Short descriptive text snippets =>
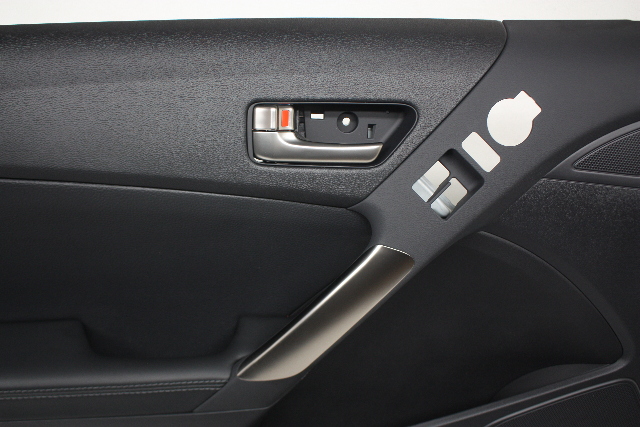 OEM Left Driver Front Door Panel For Hyundai Genesis Coupe 82307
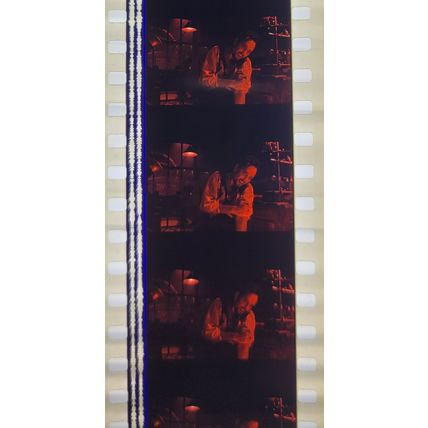 Dracula . Pk AA - A022v. 1 STRIP OF 10 - 35MM FILM CELLS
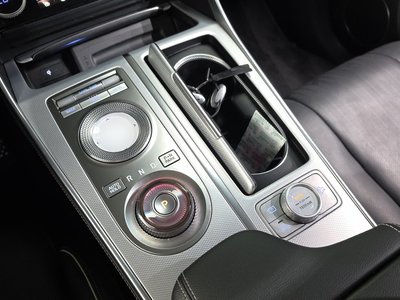 GENESIS GV80 - 9
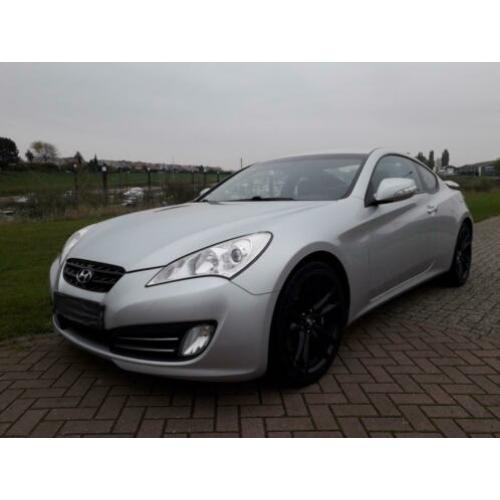 Hyundai Genesis coupe 3.8 V6 AUT 2010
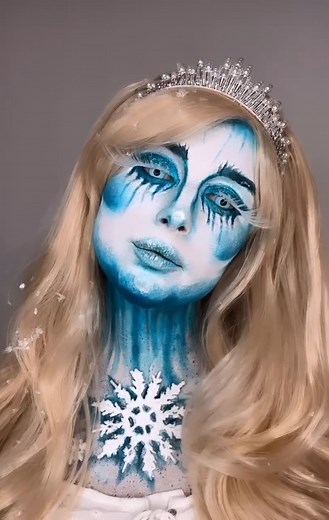 @mua_sophie_melville letting her inner ice queen shine! ❄ . . . #smiffys #smiffysuk #trending #viral #outfits #christmasoutfit #christmasvibes #festivevibes #festiveoutfit #festiveoutfits #feelingfestive #christmastree #christmasdecor #christmasdecorations #mua | Smiffys | Facebook
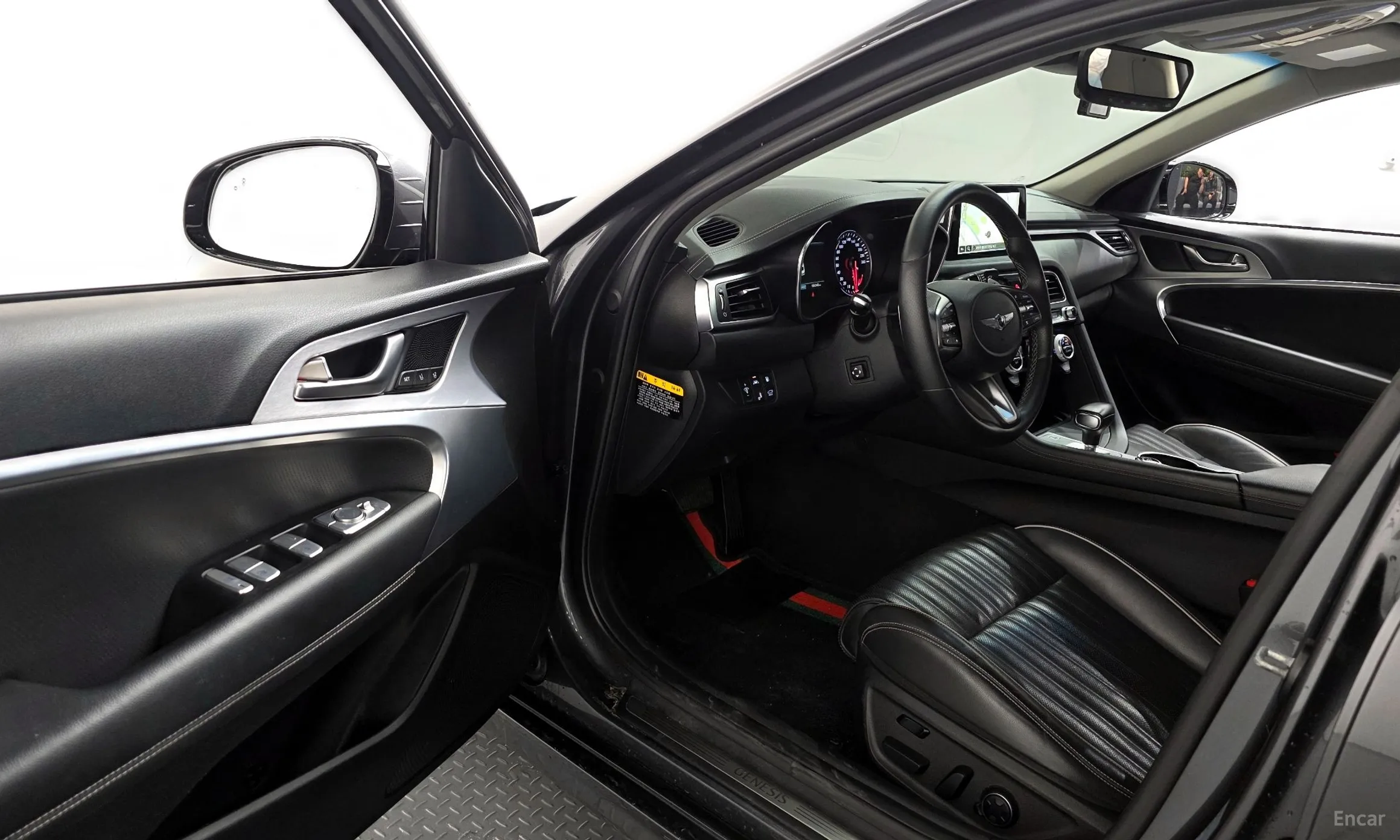 Genesis G70 превью 10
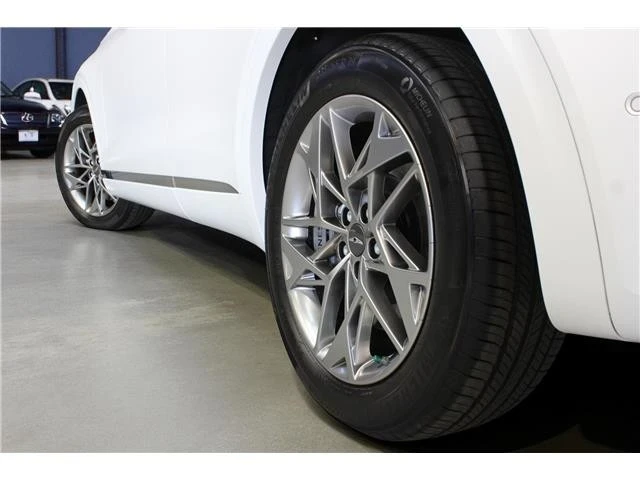 2023 Genesis GV70 - Image 17 of 21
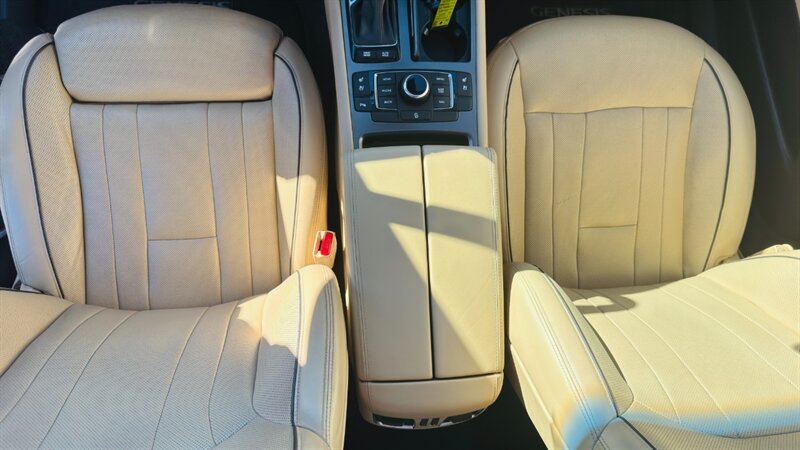 2015 Hyundai Genesis 3.8L - Photo 22 - Fountain Hills, AZ 85268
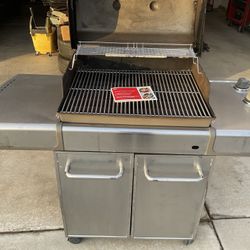 Propane BBQ Gas Grill Weber Genesis Brand New Racks- Delivery Available
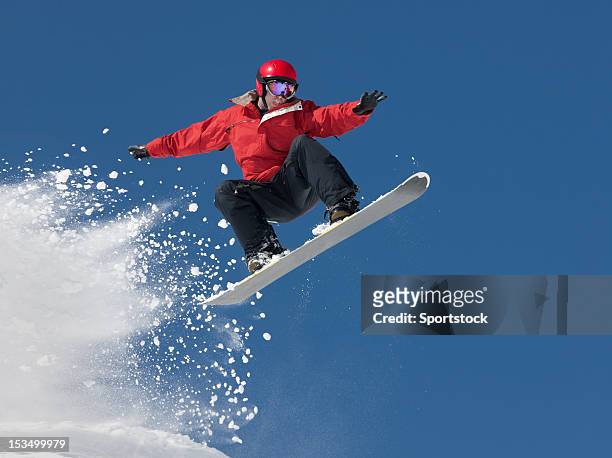 salto de snowboard - tabla de snowboard fotografías e imágenes de stock
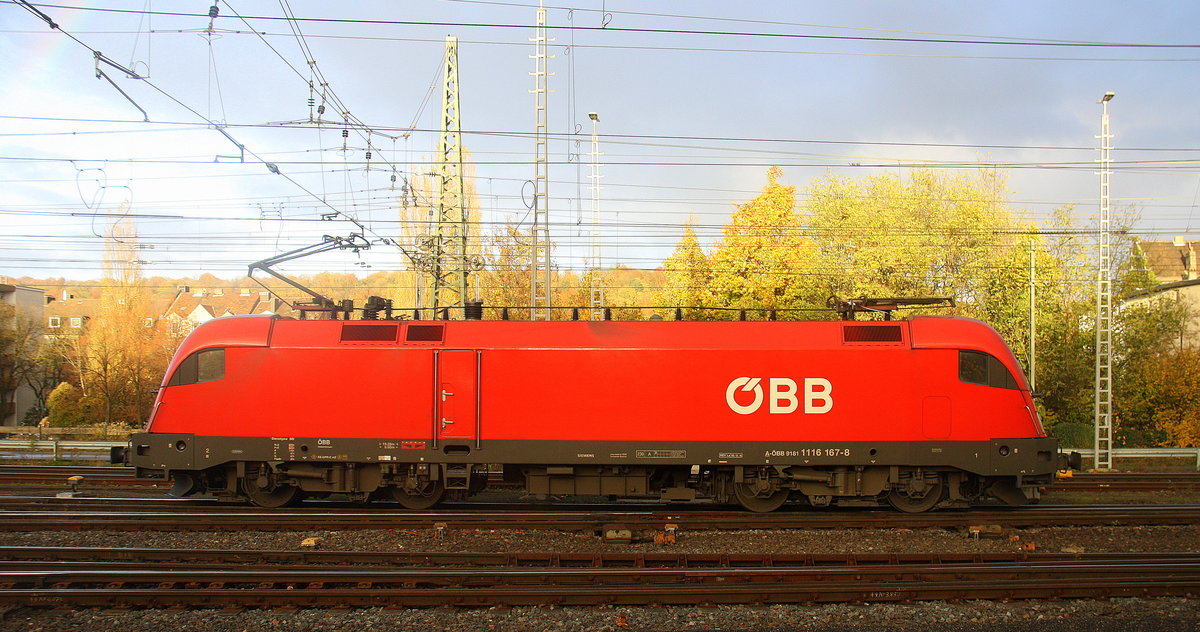 Taurus ÖBB 1116 167 von ÖBB rangiert in Aachen-West.
Aufgenommen vom Bahnsteig in Aachen-West.
Bei Sonne und Regenwolken am Nachmittag vom 13.11.2017.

TASK BRIEF => Reproduce the data verbatim and omit each image.

EXPECTED ANSWER =>
 OEM Left Driver Front Door Panel For Hyundai Genesis Coupe 82307
 Dracula . Pk AA - A022v. 1 STRIP OF 10 - 35MM FILM CELLS
 GENESIS GV80 - 9
 Hyundai Genesis coupe 3.8 V6 AUT 2010
 @mua_sophie_melville letting her inner ice queen shine! ❄ . . . #smiffys #smiffysuk #trending #viral #outfits #christmasoutfit #christmasvibes #festivevibes #festiveoutfit #festiveoutfits #feelingfestive #christmastree #christmasdecor #christmasdecorations #mua | Smiffys | Facebook
 Genesis G70 превью 10
 2023 Genesis GV70 - Image 17 of 21
 2015 Hyundai Genesis 3.8L - Photo 22 - Fountain Hills, AZ 85268
 Propane BBQ Gas Grill Weber Genesis Brand New Racks- Delivery Available
 salto de snowboard - tabla de snowboard fotografías e imágenes de stock
 Taurus ÖBB 1116 167 von ÖBB rangiert in Aachen-West.
Aufgenommen vom Bahnsteig in Aachen-West.
Bei Sonne und Regenwolken am Nachmittag vom 13.11.2017.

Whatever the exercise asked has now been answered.